What this task involves – Which lines run from the line with "Bar Coffee Cafe" through the line with "cad转pdf页面大小设置为多少" in the entries below? Print them exactly, both ends included, and nothing more.

[Items from a data source]
_ _ _ _ _

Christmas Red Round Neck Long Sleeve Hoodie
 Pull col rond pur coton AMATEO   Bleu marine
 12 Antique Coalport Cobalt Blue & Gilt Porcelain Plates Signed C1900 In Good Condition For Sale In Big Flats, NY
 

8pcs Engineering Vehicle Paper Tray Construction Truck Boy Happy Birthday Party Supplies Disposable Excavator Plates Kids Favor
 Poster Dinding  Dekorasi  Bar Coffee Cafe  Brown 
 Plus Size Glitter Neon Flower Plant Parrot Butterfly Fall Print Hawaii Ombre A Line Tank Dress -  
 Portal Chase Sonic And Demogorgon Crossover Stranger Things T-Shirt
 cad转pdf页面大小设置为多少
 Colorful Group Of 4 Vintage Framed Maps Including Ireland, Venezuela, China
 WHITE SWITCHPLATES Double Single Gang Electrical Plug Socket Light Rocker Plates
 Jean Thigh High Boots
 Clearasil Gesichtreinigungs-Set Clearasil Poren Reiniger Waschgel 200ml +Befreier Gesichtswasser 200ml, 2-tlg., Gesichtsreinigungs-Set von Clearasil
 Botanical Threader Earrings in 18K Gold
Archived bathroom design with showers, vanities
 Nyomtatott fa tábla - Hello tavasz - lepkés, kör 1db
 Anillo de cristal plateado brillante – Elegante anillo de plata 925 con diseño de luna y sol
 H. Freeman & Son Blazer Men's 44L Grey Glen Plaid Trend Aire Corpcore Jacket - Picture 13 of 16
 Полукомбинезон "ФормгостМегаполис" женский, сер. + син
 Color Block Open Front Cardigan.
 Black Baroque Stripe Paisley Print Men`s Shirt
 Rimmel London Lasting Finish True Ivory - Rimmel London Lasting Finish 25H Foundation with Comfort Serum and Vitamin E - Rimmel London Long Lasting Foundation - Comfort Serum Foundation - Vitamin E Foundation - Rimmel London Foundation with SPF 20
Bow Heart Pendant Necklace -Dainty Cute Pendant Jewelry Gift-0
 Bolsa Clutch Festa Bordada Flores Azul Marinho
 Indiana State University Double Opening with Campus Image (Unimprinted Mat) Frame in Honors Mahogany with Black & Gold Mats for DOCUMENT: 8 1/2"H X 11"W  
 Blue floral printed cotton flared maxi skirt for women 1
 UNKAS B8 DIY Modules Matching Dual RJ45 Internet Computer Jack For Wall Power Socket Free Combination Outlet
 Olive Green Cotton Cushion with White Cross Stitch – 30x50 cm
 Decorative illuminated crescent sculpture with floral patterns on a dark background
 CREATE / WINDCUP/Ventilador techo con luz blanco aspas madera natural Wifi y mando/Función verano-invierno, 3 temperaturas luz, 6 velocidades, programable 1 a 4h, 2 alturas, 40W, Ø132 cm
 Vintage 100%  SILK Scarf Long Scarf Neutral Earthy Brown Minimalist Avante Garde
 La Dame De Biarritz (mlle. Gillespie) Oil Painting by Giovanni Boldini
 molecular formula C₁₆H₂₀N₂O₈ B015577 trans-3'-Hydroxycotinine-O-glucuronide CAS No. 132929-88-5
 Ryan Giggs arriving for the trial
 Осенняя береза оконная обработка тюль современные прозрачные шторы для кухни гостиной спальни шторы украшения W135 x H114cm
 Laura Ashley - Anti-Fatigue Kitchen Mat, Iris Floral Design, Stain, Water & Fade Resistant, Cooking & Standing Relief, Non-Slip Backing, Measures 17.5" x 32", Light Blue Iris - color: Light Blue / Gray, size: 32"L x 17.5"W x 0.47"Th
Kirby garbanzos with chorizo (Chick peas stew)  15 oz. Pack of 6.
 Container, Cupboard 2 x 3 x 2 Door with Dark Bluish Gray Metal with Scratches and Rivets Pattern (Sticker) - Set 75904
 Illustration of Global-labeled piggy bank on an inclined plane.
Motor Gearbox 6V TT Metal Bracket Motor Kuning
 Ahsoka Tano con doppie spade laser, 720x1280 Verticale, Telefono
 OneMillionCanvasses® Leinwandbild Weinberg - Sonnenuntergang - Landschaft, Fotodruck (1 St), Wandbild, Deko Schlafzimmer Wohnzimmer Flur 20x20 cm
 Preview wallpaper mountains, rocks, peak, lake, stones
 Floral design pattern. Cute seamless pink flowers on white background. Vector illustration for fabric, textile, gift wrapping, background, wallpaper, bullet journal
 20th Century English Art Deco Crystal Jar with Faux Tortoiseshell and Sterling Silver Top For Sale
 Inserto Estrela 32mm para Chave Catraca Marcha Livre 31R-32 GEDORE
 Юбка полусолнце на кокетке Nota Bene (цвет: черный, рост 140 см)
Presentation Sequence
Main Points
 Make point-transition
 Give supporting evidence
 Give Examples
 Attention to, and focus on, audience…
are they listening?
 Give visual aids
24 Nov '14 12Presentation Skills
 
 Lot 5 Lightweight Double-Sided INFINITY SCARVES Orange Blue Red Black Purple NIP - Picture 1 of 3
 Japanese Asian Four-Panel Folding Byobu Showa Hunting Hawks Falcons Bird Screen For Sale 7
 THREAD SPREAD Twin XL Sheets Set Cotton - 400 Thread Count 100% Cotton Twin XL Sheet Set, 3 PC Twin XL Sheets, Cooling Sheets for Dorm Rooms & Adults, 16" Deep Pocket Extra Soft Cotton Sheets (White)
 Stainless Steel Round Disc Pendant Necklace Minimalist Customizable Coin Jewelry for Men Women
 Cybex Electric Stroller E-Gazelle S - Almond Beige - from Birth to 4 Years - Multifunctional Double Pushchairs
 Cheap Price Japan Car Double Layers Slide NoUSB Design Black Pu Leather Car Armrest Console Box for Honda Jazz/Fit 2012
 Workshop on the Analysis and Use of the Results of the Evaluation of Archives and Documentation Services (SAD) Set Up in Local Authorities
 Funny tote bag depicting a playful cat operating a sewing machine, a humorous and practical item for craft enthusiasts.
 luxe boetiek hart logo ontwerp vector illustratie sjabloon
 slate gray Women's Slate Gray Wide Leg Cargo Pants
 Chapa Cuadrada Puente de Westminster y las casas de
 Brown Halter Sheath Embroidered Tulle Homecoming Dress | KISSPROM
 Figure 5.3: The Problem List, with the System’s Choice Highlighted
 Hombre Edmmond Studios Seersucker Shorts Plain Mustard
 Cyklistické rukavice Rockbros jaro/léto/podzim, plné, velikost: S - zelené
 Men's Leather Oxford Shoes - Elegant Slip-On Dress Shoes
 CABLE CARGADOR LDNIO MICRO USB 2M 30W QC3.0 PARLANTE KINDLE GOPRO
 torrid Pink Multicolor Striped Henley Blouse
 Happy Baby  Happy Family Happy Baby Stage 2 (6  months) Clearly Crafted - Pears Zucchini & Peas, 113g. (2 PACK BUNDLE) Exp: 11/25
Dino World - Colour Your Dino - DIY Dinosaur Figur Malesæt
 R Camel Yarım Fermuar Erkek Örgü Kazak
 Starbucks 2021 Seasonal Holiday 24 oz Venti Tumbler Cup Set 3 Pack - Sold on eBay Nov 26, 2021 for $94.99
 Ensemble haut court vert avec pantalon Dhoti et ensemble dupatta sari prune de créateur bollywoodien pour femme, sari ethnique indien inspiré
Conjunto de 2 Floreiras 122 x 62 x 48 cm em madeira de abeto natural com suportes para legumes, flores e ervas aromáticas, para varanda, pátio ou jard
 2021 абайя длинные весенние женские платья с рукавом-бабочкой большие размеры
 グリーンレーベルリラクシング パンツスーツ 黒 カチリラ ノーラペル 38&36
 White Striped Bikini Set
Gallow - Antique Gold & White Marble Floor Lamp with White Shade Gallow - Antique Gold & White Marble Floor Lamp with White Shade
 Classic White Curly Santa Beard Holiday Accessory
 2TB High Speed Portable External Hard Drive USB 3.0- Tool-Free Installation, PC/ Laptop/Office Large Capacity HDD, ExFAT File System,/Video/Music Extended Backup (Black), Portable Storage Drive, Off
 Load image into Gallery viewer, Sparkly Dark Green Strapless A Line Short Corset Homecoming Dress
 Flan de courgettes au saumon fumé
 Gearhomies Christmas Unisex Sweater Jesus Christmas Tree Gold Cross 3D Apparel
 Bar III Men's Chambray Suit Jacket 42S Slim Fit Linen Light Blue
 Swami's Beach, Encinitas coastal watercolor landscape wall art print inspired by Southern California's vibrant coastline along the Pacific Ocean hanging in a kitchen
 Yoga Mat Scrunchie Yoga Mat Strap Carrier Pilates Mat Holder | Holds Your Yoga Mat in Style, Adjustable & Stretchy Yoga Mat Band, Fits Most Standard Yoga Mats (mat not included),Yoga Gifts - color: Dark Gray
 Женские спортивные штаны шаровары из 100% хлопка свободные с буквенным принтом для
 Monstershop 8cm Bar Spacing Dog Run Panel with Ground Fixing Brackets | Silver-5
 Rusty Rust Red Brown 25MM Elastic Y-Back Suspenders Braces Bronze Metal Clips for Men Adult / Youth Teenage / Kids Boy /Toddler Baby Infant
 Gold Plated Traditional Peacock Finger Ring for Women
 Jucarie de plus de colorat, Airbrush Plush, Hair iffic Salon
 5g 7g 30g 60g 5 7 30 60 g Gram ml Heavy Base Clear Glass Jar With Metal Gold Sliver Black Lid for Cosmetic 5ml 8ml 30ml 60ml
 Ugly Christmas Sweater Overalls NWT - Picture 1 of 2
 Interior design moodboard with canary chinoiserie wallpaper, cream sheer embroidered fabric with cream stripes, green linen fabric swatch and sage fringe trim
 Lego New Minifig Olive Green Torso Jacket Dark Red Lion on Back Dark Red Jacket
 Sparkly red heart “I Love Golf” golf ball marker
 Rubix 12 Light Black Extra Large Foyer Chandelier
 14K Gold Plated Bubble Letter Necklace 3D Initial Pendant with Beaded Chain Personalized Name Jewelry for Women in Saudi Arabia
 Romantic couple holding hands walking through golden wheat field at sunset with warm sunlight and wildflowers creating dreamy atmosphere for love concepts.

_ _ _ _ _

Task response –
 Poster Dinding  Dekorasi  Bar Coffee Cafe  Brown 
 Plus Size Glitter Neon Flower Plant Parrot Butterfly Fall Print Hawaii Ombre A Line Tank Dress -  
 Portal Chase Sonic And Demogorgon Crossover Stranger Things T-Shirt
 cad转pdf页面大小设置为多少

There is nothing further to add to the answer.